§ **EXERCISE AIM**
Please reproduce the lines of the records below from the one holding "Image SOMOS MÁS" through the one holding "Chevrolet-Corvette-1973-34", inclusive, skipping all pictures.

§ **DATA SECTION**
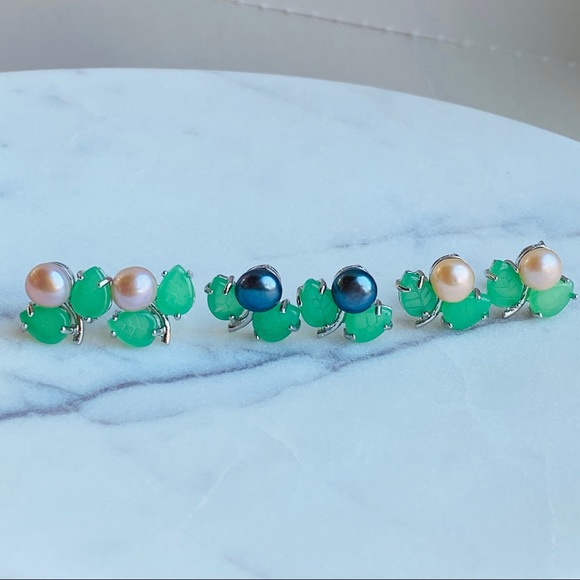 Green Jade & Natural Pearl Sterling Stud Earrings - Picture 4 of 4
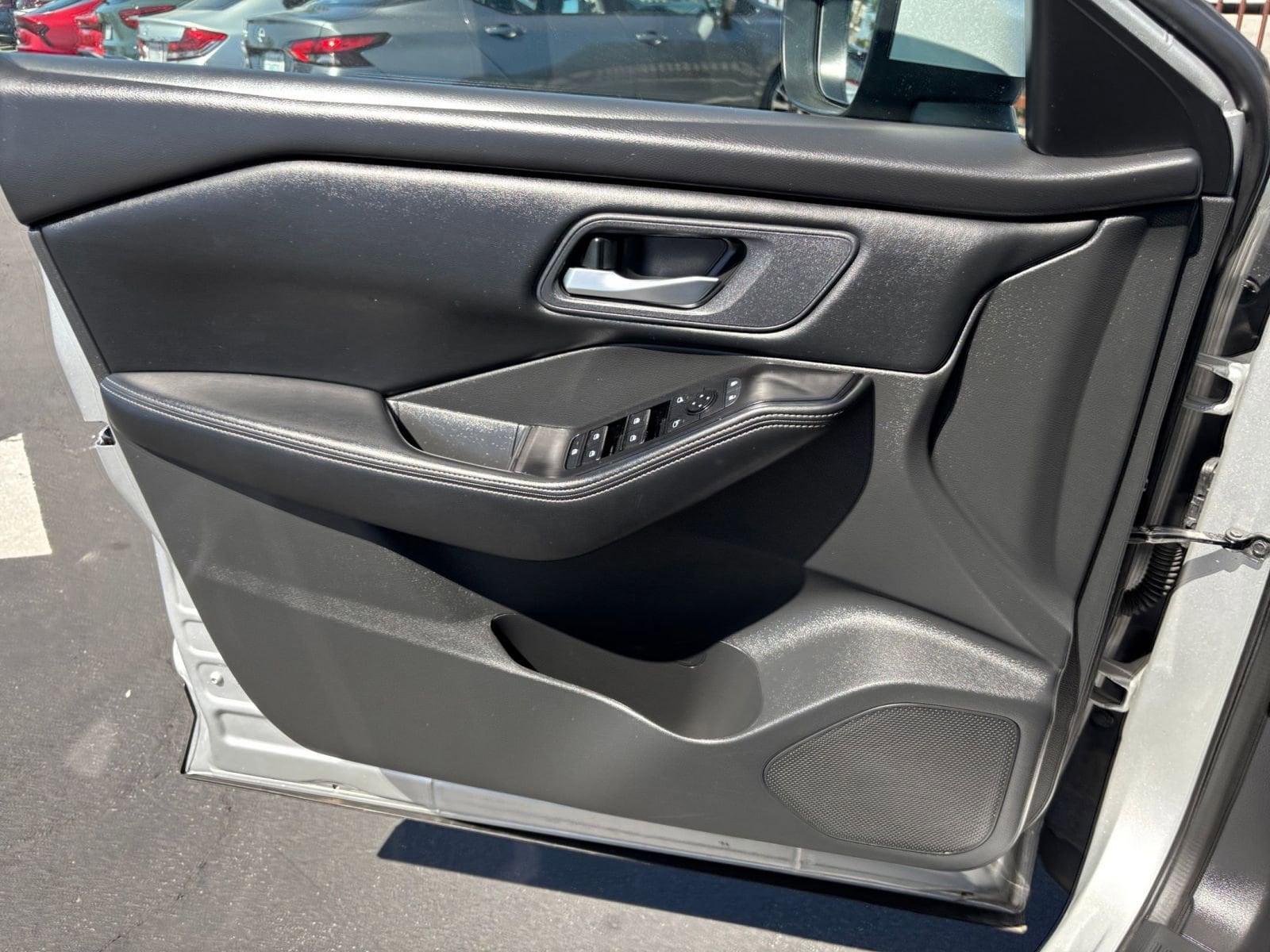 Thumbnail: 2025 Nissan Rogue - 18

--

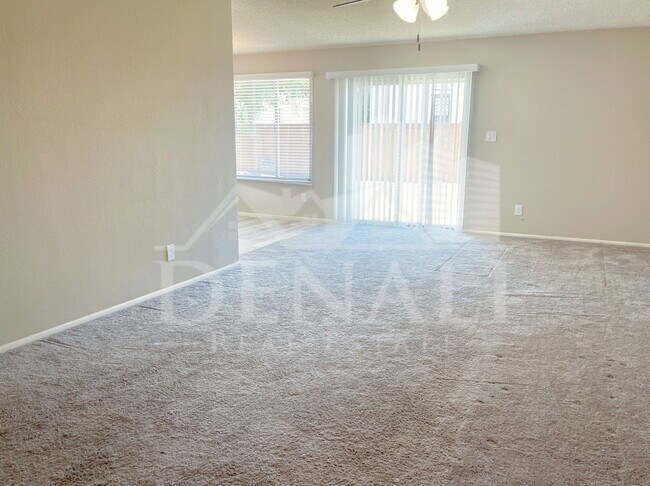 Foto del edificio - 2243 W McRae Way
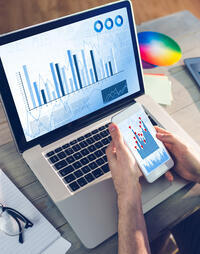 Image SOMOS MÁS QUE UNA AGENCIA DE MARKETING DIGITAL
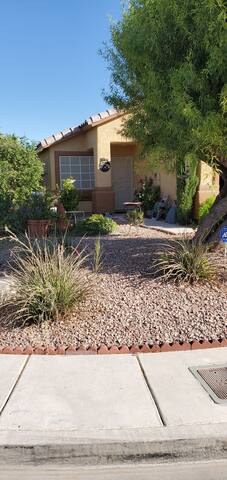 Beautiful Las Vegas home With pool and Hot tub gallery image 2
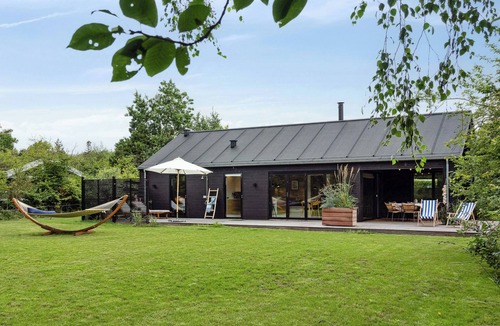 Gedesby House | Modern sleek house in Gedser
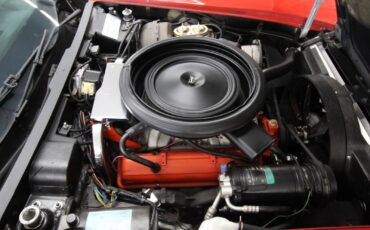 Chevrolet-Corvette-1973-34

§ **ANSWER TO THE PROBLEM**
 Image SOMOS MÁS QUE UNA AGENCIA DE MARKETING DIGITAL
 Beautiful Las Vegas home With pool and Hot tub gallery image 2
 Gedesby House | Modern sleek house in Gedser
 Chevrolet-Corvette-1973-34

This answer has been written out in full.